Non, parce que je chante tout le temps et partout dans le monde. Et je commence même à être connu en dehors du jazz. Michel Fugain, Maurane, Art Mengo, Bernard Lavilliers me demandent. Je suis le chanteur de jazz pour eux. Mais ce n'est pas péjoratif. Quant à moi, je ne connais pas le mot compromis : je choisis les morceaux et je les chante à ma façon.
Vous restez vous-même.
Un truc ne peut marcher que quand le cœur est dedans. Je ne peux pas faire comme si.
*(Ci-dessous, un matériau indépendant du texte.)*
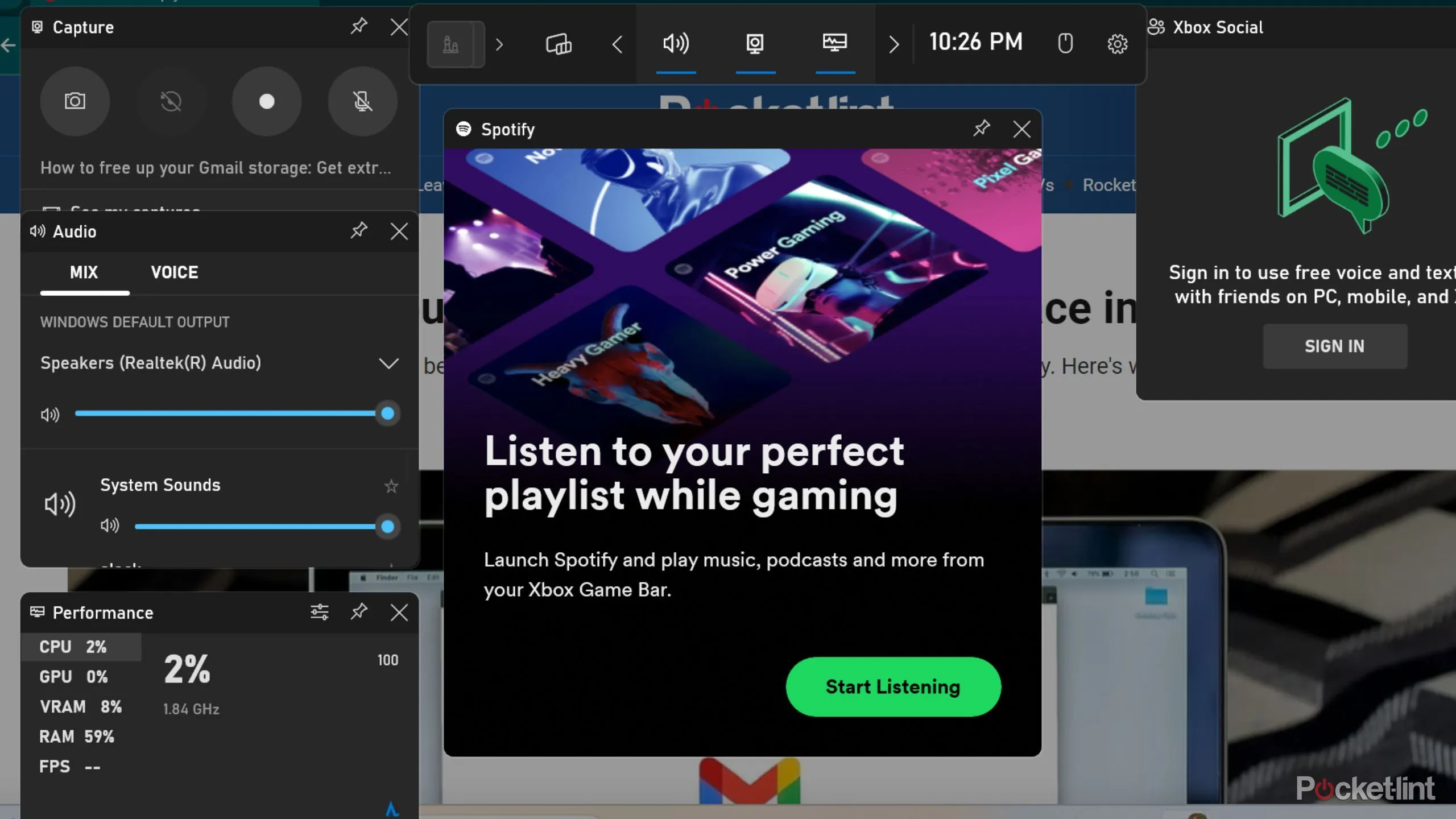 Xbox Game Bar và các phím tắt trên Windows 11, nơi Microsoft thúc đẩy trải nghiệm chơi game và dịch vụ liên quan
Vous êtes un sage dans la vie ?
Avec la voix, il faut de la discipline. Après les concerts, les musiciens vont faire la fête, le soir, mais avec la voix, on ne peut pas. Je quitte à peine l'hôtel quand on est en tournée. Pour être en forme, dans sa voix et dans sa tête. Mais quand je ne chante pas je ne suis plus si sage. Mes copains ne le sont pas non plus. J'ai des copains voyous. Quand je débarque à Philadelphie, mes copains gangsters arrivent dans ma chambre d'hôtel. C'est ma jeunesse, j'ai un peu grandi avec ces gens-là. Je ne suis pas sûr que je dois dire ça, mais dans le monde de la musique, on côtoie le roi, la reine, les clochards, tout le monde. Mes copains à moi sont des voyous, des gangsters, mais ce sont mes potes.